Dataset records:
Content starts

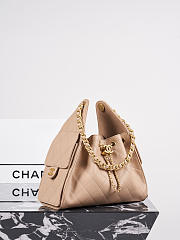 Colestore Chanel Fall Winter 26 CHANEL 25 Small Handbag   Grained Calfskin & Gold-Tone Metal  Light Brown  30 x 26 x 14cm - 4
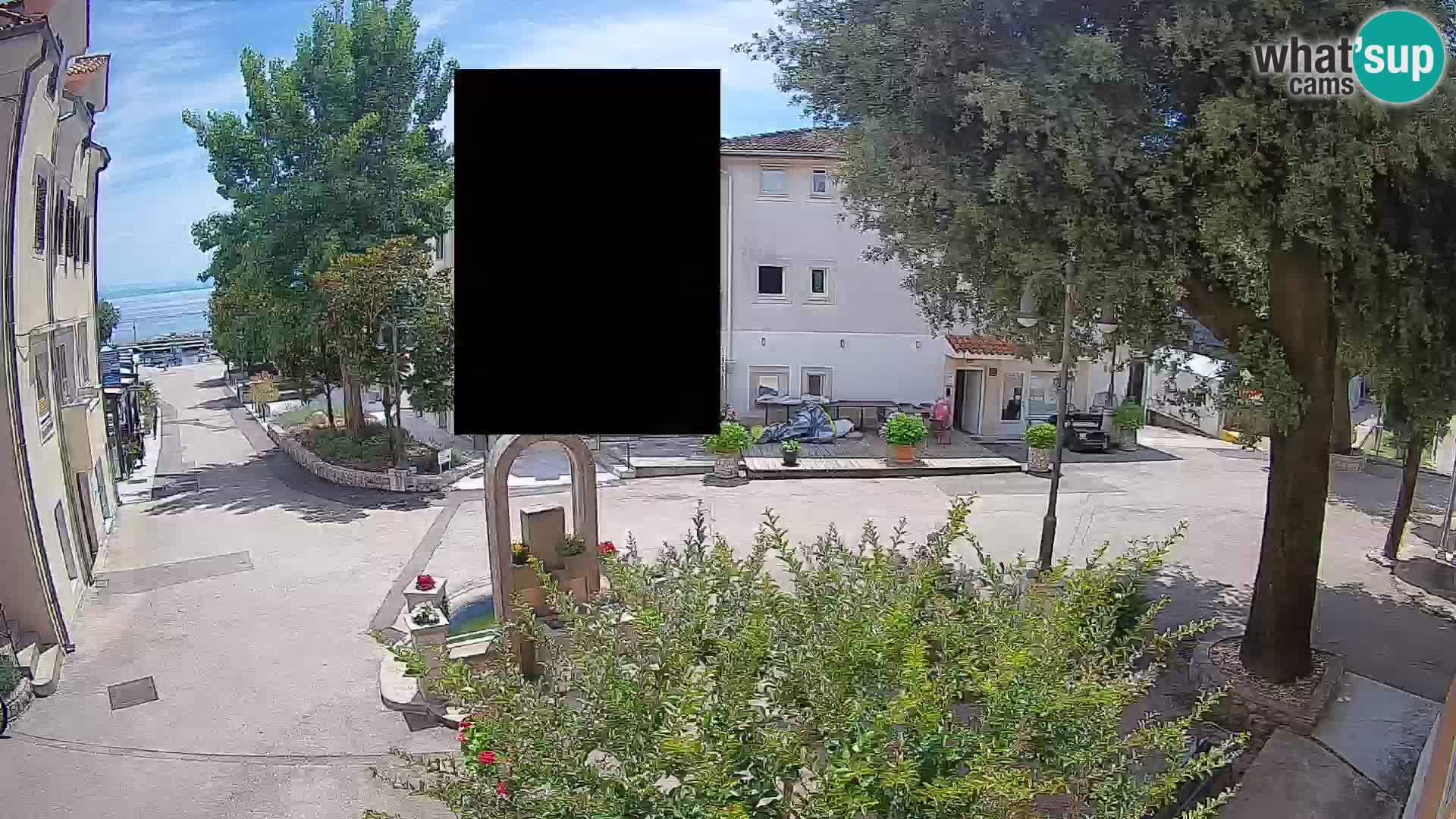 Webcam Mošćenička Draga Center – Live View of the Town Center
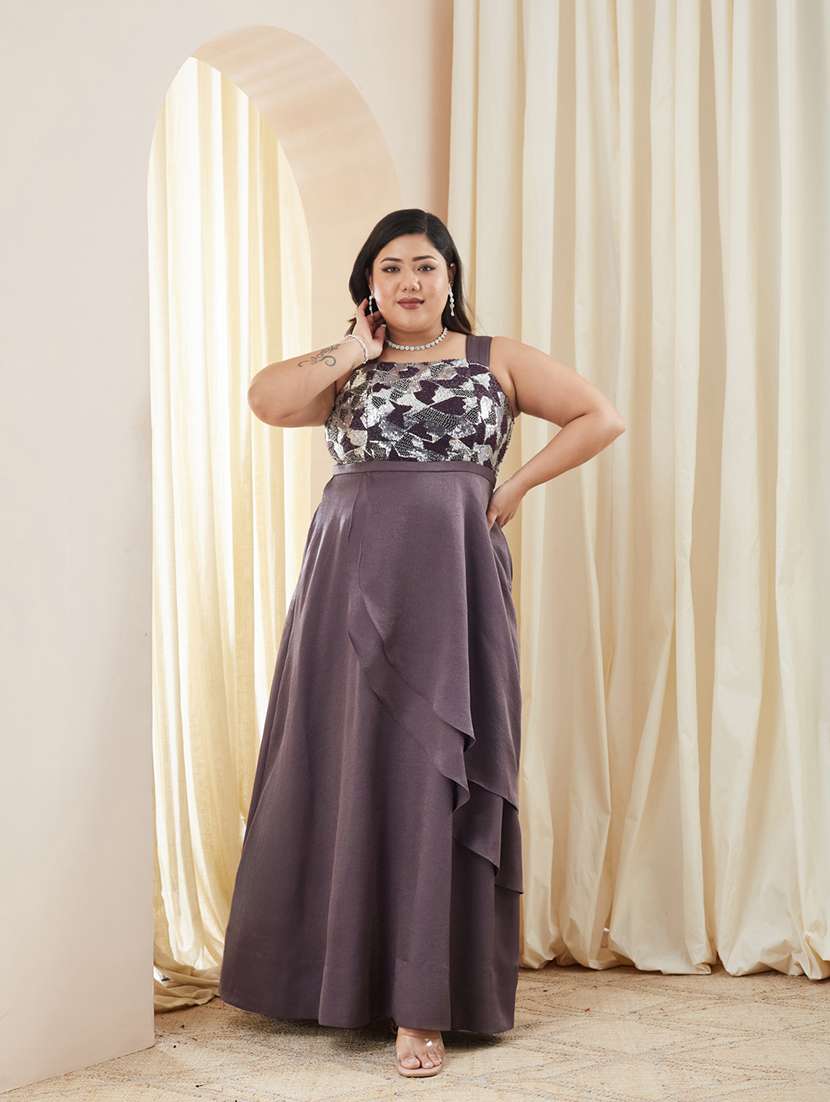 women embroidered sleeveless gown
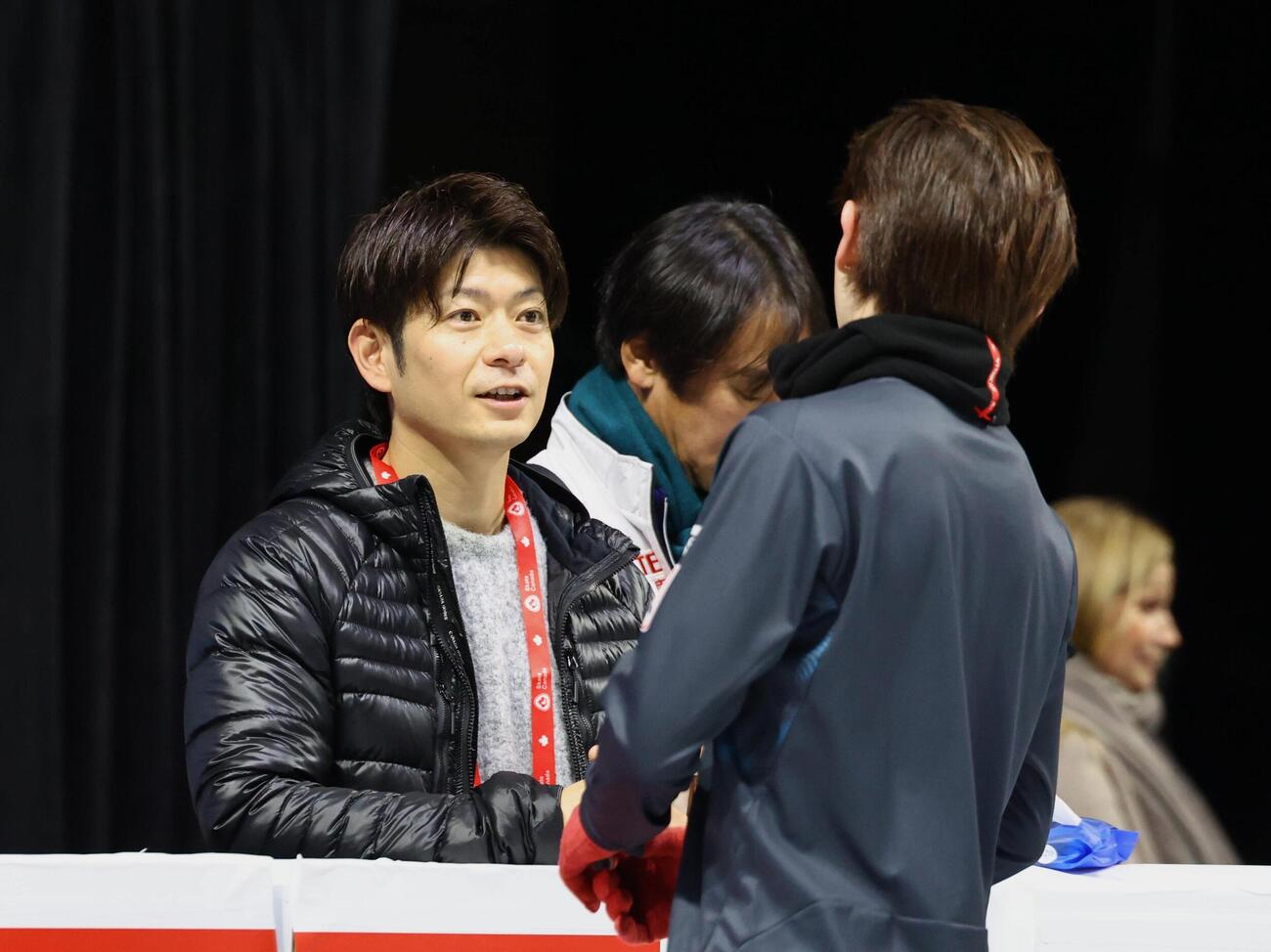 GPシリーズ・スケートカナダ　前日練習で中田璃士に声をかける父・誠人コーチ（撮影・藤塚大輔）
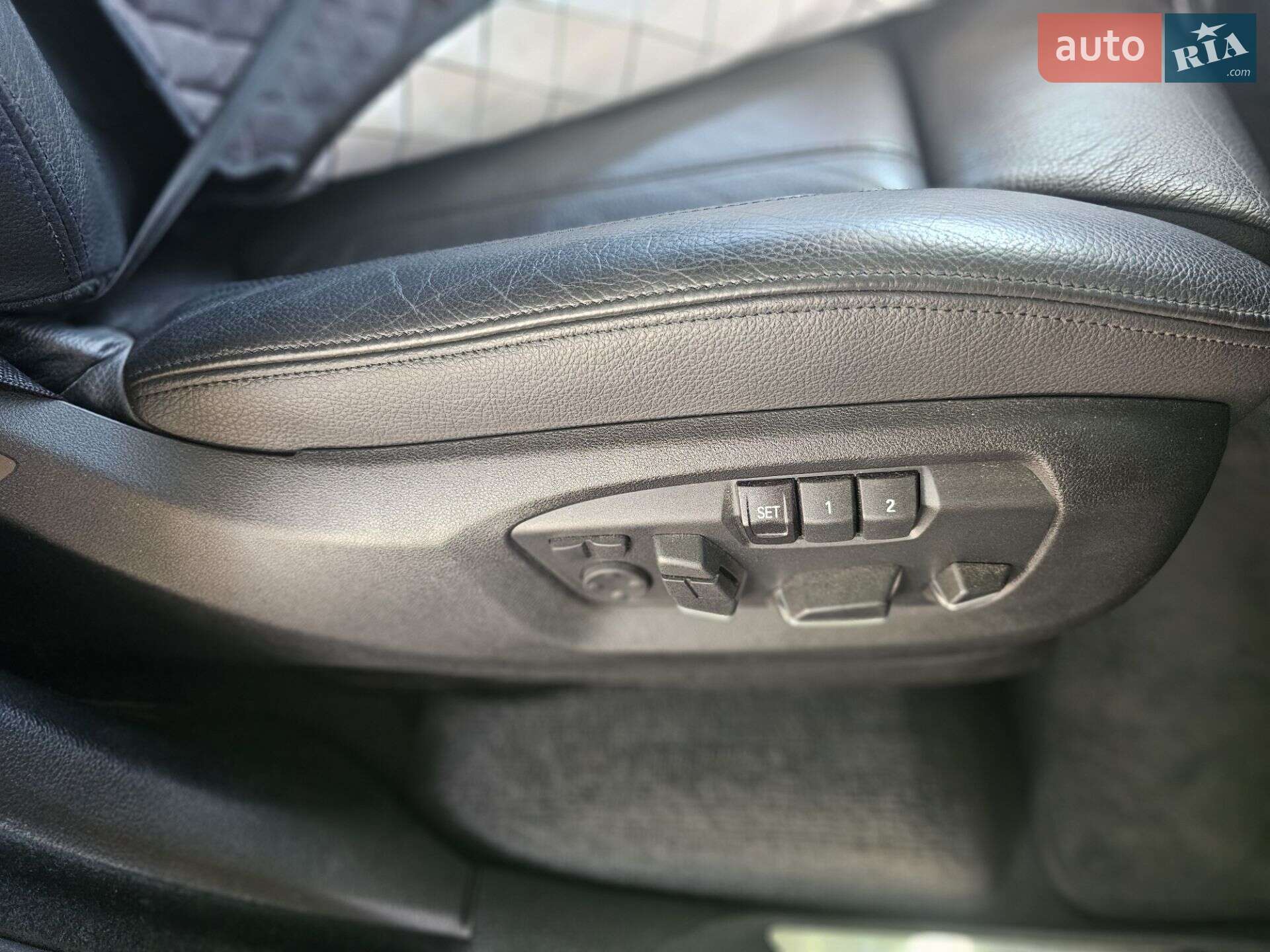 BMW X5 2015 VIN WBAKS810X00M50378 фото оголошення 30 з 52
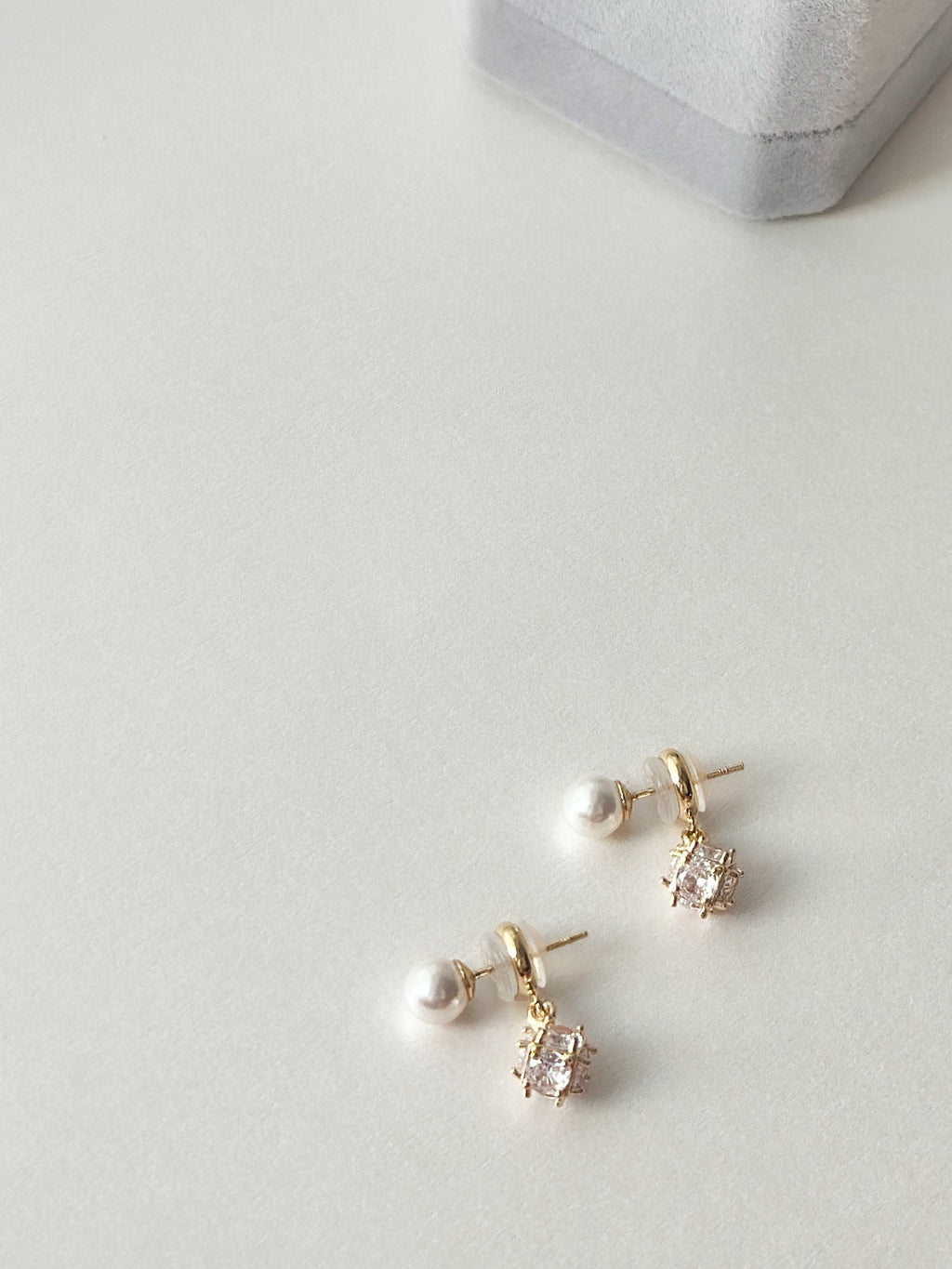 ⊹° 𝘓𝘶𝘮𝘪𝘯𝘰𝘶𝘴 𝘗𝘦𝘢𝘳𝘭𝘴 𝘌𝘢𝘳𝘳𝘪𝘯𝘨𝘴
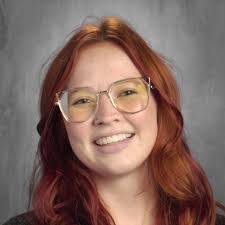 Colleen Muench's Instagram, Twitter & Facebook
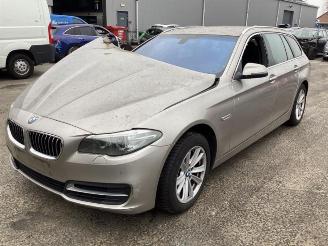 Salvage car BMW 5-serie 5 serie Touring (F11), Combi, 2009 / 2017 520i 16V 2015/5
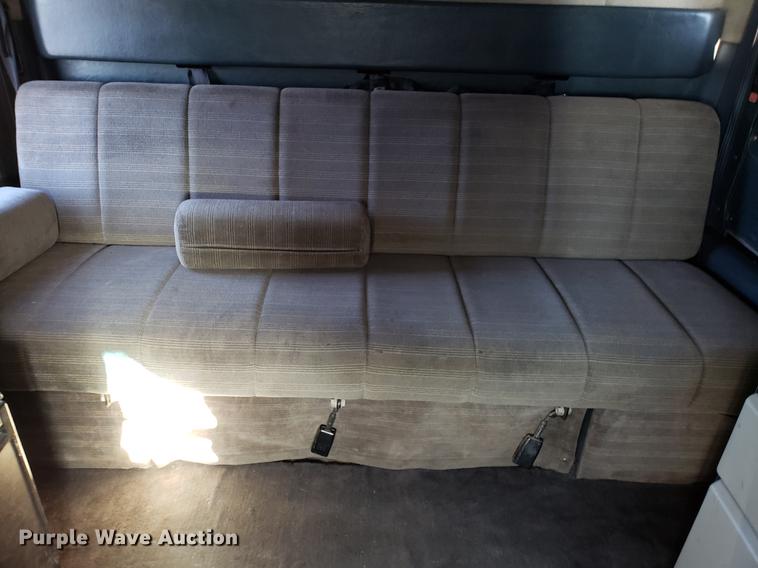 image for item DD3956 1993 Kenworth W900 semi truck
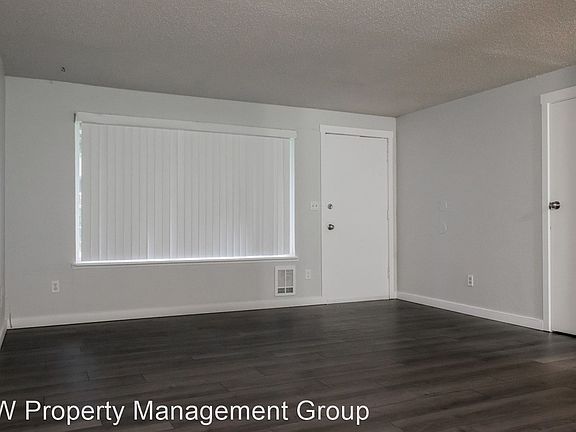 5th image of 2905 101st Ave NE Unit B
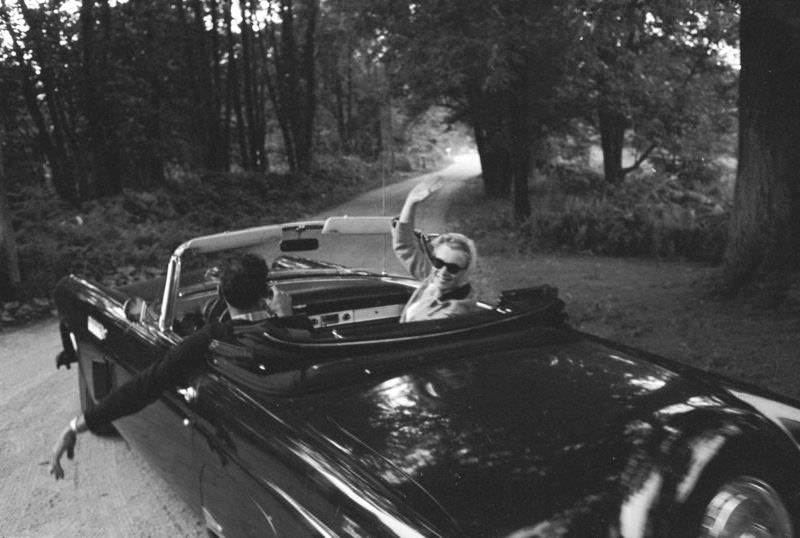 Marilyn in a Black Thunderbird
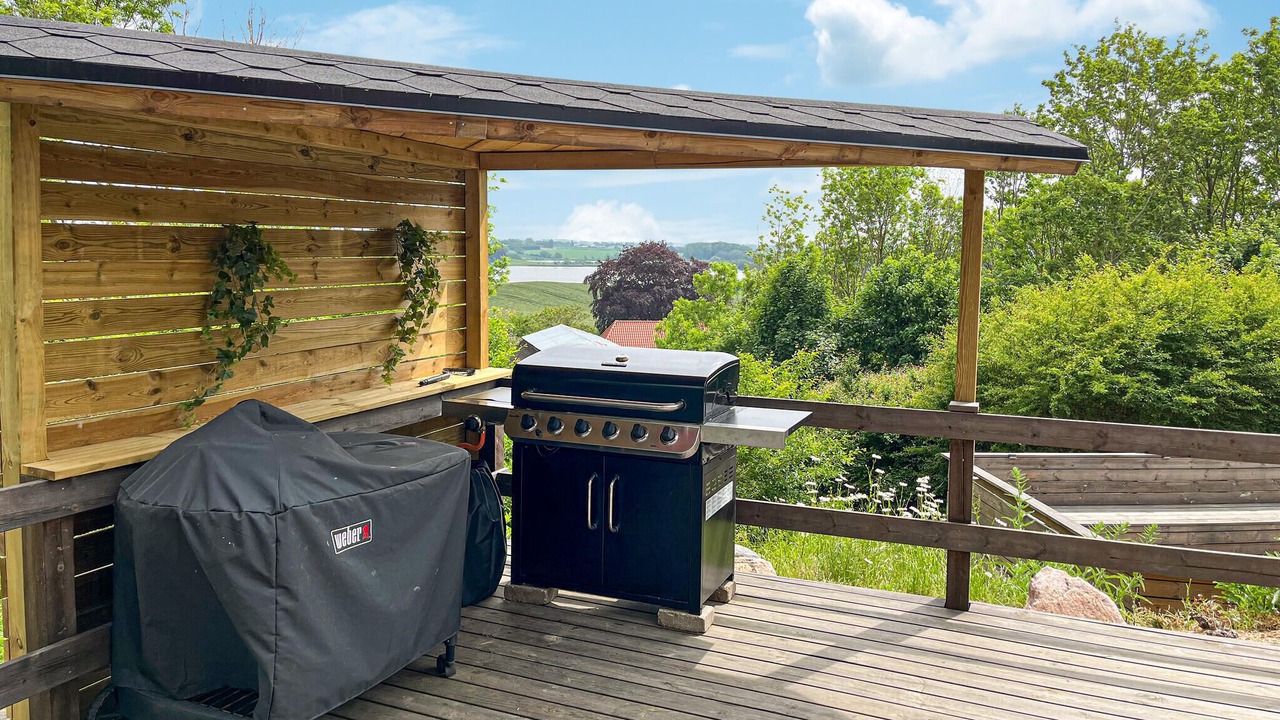 Photo of Others in Helsned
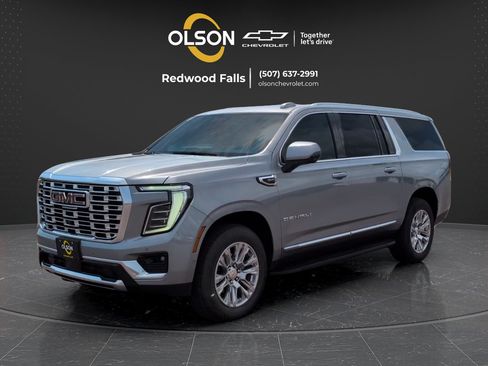 Used 2025 GMC Yukon XL Denali AWD/4WD image 1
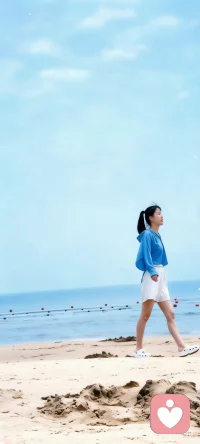 把心事丢进海里🌊
等一场海上日出。
看碎金铺满海面，听海浪把心事卷走。
风很大，天很亮，心很轻。
那些以为过不去的，在晨光里都成了微风。💛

Content ends

Exercise instructions: Set down the entries above word for word, but drop any image.

Solution for this task:
 Colestore Chanel Fall Winter 26 CHANEL 25 Small Handbag   Grained Calfskin & Gold-Tone Metal  Light Brown  30 x 26 x 14cm - 4
 Webcam Mošćenička Draga Center – Live View of the Town Center
 women embroidered sleeveless gown
 GPシリーズ・スケートカナダ　前日練習で中田璃士に声をかける父・誠人コーチ（撮影・藤塚大輔）
 BMW X5 2015 VIN WBAKS810X00M50378 фото оголошення 30 з 52
 ⊹° 𝘓𝘶𝘮𝘪𝘯𝘰𝘶𝘴 𝘗𝘦𝘢𝘳𝘭𝘴 𝘌𝘢𝘳𝘳𝘪𝘯𝘨𝘴
 Colleen Muench's Instagram, Twitter & Facebook
 Salvage car BMW 5-serie 5 serie Touring (F11), Combi, 2009 / 2017 520i 16V 2015/5
 image for item DD3956 1993 Kenworth W900 semi truck
 5th image of 2905 101st Ave NE Unit B
 Marilyn in a Black Thunderbird
 Photo of Others in Helsned
 Used 2025 GMC Yukon XL Denali AWD/4WD image 1
 把心事丢进海里🌊
等一场海上日出。
看碎金铺满海面，听海浪把心事卷走。
风很大，天很亮，心很轻。
那些以为过不去的，在晨光里都成了微风。💛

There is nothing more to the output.